Keep the images out while you retype all of the data exactly.

*** Raw data

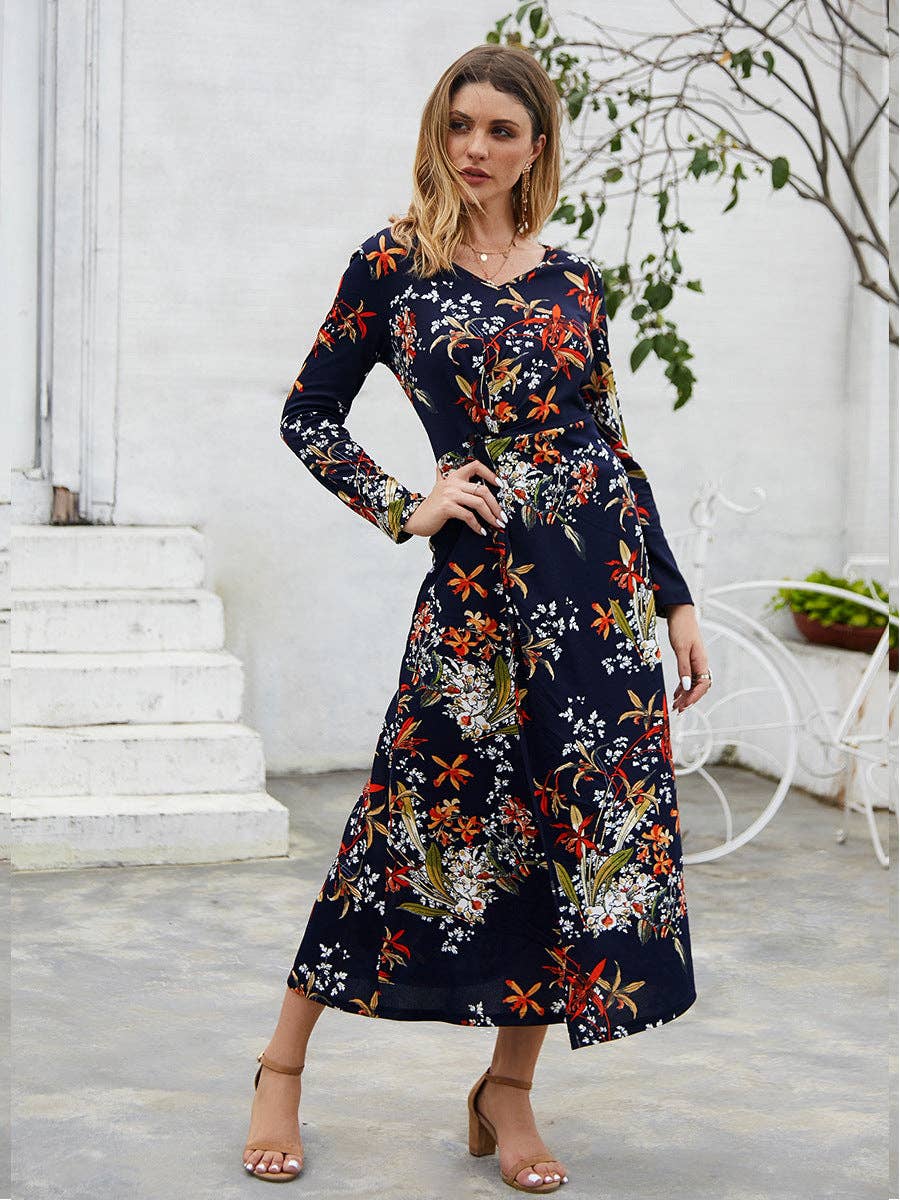 Long Sleeve Dresses: Yellow / Large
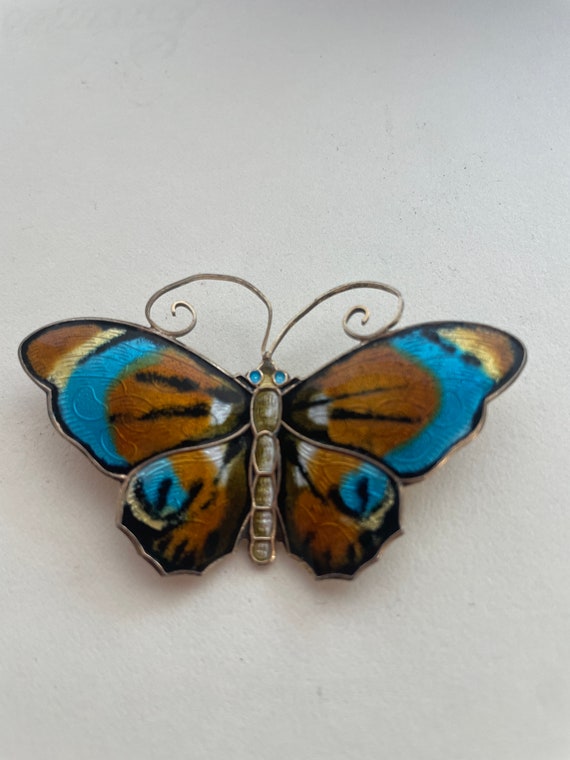 Vintage David Andersen enamel Butterfly pin Norway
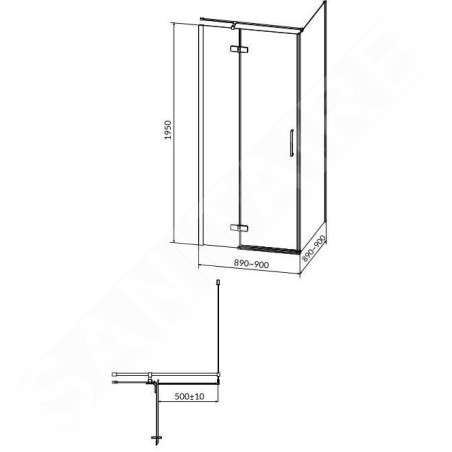Cersanit Jota - Cabine de douche 90x90 cm, gauche, chrome/verre clair S160-001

******

### Exercise output
 Long Sleeve Dresses: Yellow / Large
 Vintage David Andersen enamel Butterfly pin Norway
Cersanit Jota - Cabine de douche 90x90 cm, gauche, chrome/verre clair S160-001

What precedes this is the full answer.